[Question] How to restart the consumer on the crash event handler?

FelipeEmerim commented 2 years ago

Is your feature request related to a problem? Please describe. We are using kafkaJS through NestJS microservices package. We have a hybrid app with multiple microservices, some using kafka while other use Azure service bus. Non-retriable errors work fine in most cases as they indicate a failure in the configuration and cannot be fixed by simply retrying.

However, there is a problem with the UNKNOWN_SERVER_ERROR, this error is thrown by our broker from time to time (we are investigating why that happens with the Azure support team) and restarting the consumer does fix the issue.

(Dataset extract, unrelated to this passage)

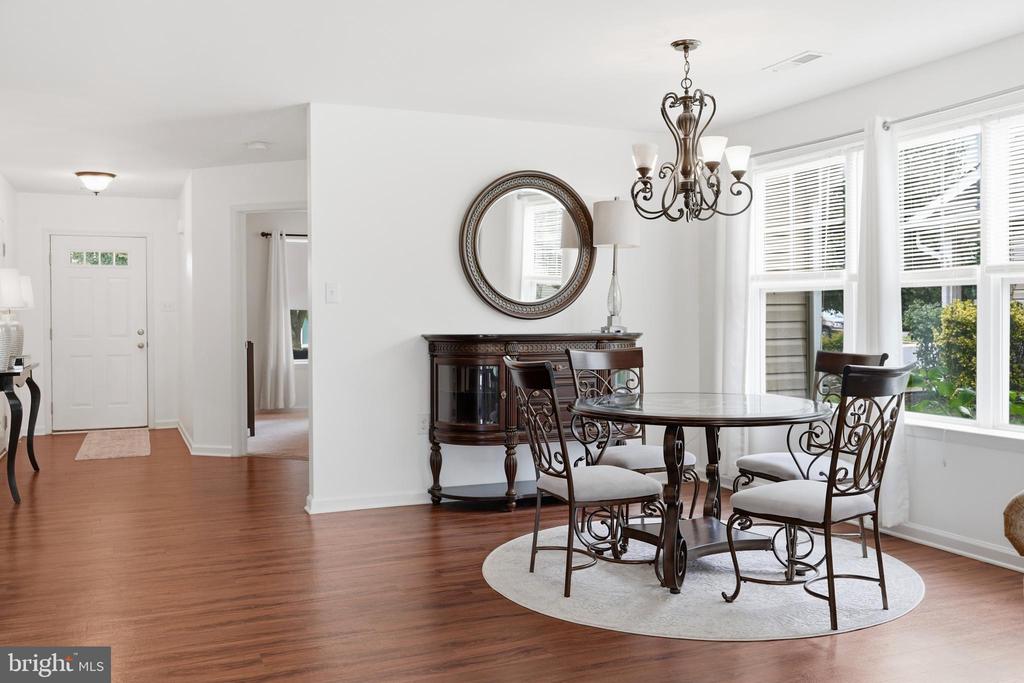 33 CHENNAULT TRAIL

The restart does not happen as of kafkaJS 1.16 because, according to the kafka protocol, this is a non-retriable error.

Note that NestJS crashes if an error happens while the application is initializing, but since this error happens after all consumers have already sucessfully started, the application keeps running without a kafka consumer and never recovers.

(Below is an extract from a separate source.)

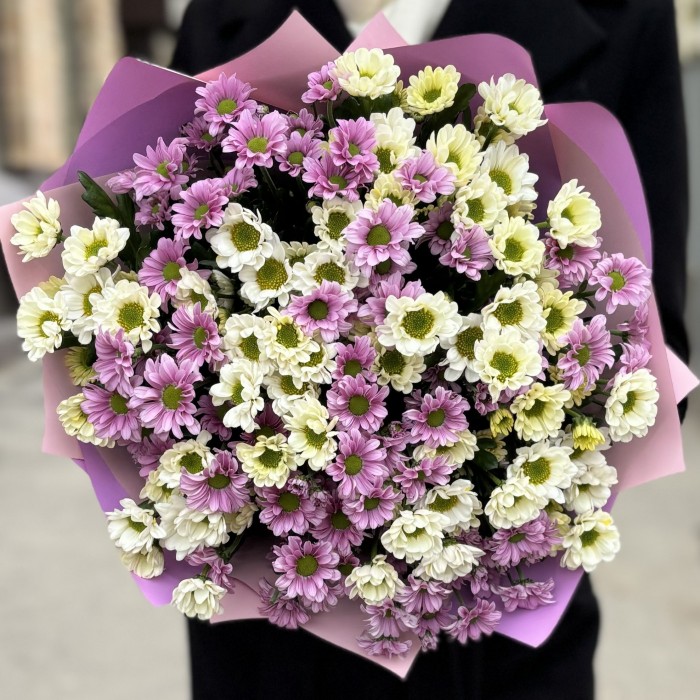 Букет из розовой и белой хризантемы Сантини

Describe the solution you'd like I would like to know if there is a way to cleanly restart the consumer on a non-retriable error using the CRASH event and, if possible, do that only on that specific error type. This is mentioned in the instrumentation events docs, but I couldn't find an example on how to do it.

If you think our issue is worth a change in KafkaJS, I think the restartOnFailure callback could be changed to always be invoked, and its default value could be to return true on retriable errors only, allowing users of this lib to change that behavior.

Additional context We tried to perform the restart manually using this code:

this.consumer.on('consumer.crash', async (error) => {
      if (error.payload.error instanceof KafkaJSNonRetriableError) {
        this.logger.error({
          message: 'Consumer crashed on non-retriable error: restarting',
          context: ServerKafka.name,
        });
        this.logger.error({
          ...error.payload.error,
          context: ServerKafka.name,
        });
        await this.consumer.connect();
      }
    });

Sadly, it did not work the way we intended as the consumer does not restart. I also checked the way the lib itself handles restarts. From what I saw it invokes the start function using a setTimeout call to apply the retry timeout. Since we cannot use that function, I have no clue on how to achieve a clean consumer restart.

Environment:

OS: debian bullseye (distroless)
KafkaJS version 2.2.0
Kafka version: We are using Azure event hubs with kafka surface. In the docs they mention version 1.0 or above
NodeJS version 16

FelipeEmerim commented 2 years ago

We managed to make it work with the following code:

export function shouldRestart(error: Error): boolean {
  const isNonRetriableError = error instanceof KafkaJSNonRetriableError;
  const isNumberOfRetriesExceeded =
    error instanceof KafkaJSNumberOfRetriesExceeded;

  return isNonRetriableError && !isNumberOfRetriesExceeded;
}

this.consumer.on('consumer.crash', async (payload) => {
      if (!shouldRestart(payload.payload.error)) {
        return;
      }

      this.logger.error({
        message: 'Consumer crashed on non-retriable error: restarting',
        context: ClientKafka.name,
      });
      this.logger.error({
        ...payload.payload.error,
        context: ClientKafka.name,
      });

      try {
        await this.consumer.disconnect();
      } finally {
        setTimeout(async () => {
          await this.consumer.connect();
          await this.bindTopics();
          this.logger.warn({
            context: ClientKafka.name,
            message: 'Restarted Consumer on non-retriable error',
          });
        }, 5000);
      }
    });

Apparently, after a reconnect you have to subscribe to the topics again and call the method consumer.run which is what the bindTopics function does.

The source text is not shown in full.